Preparation, optimization and characteristic of huperzine a loaded nanostructured lipid carriers.

The objective of the present work was to study the preparation, optimization and characteristics of Huperzine A (Hup A), an effective Traditional Chinese Medicine treatment of Alzheimer's disease (AD), loaded nanostructured lipid carriers (NLC). NLC were successfully prepared by a modified method of melt ultrasonication followed by high pressure homogenization using Cetyl Palmitate (CP) as the solid lipid, Miglyol (R) 812 as the liquid lipid, Soybean phosphatidylcholine (Spc) and Solutol HS15 (R) as the emulsifiers. The best formulation was optimized with a three-factor, three-level Box-Behnken design. Independent variables studied were the amount of the mixed lipid, the amount of the emulsifier mixture and lipid/drug ratio in the formulation. The dependent variables were the particle size, entrapment efficiency (EE) and drug loading (DL). Properties of NLC such as the morphology, particle size, zeta potential, EE, DL and drug release behavior were investigated, respectively.
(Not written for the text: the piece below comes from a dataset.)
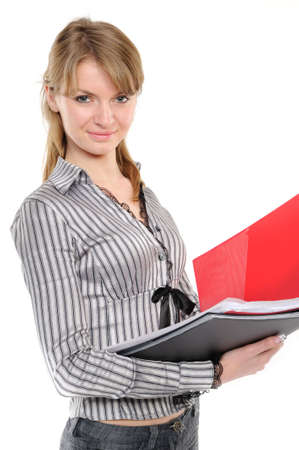  Beautiful confident woman with a folder on a white background
の写真素材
As a result, the designed nanoparticles showed nearly spherical particles with a mean particle size of 120 nm and -22.93 +/- 0.91 mV. The EE (%) and DL (%) could reach up to 89.18 +/- 0.28% and 1.46 +/- 0.05%, respectively. Differential scanning calorimetry (DSC) of Hup A loaded NLC indicated no tendency of recrystallisation. In vitro release studies showed a burst release at the initial stage and followed by a prolonged release of Hup A from NLC up to 96 h. The results suggest that the presented Hup A loaded NLC system is a potential delivery system for improving drug loading capacity and controlled drug release.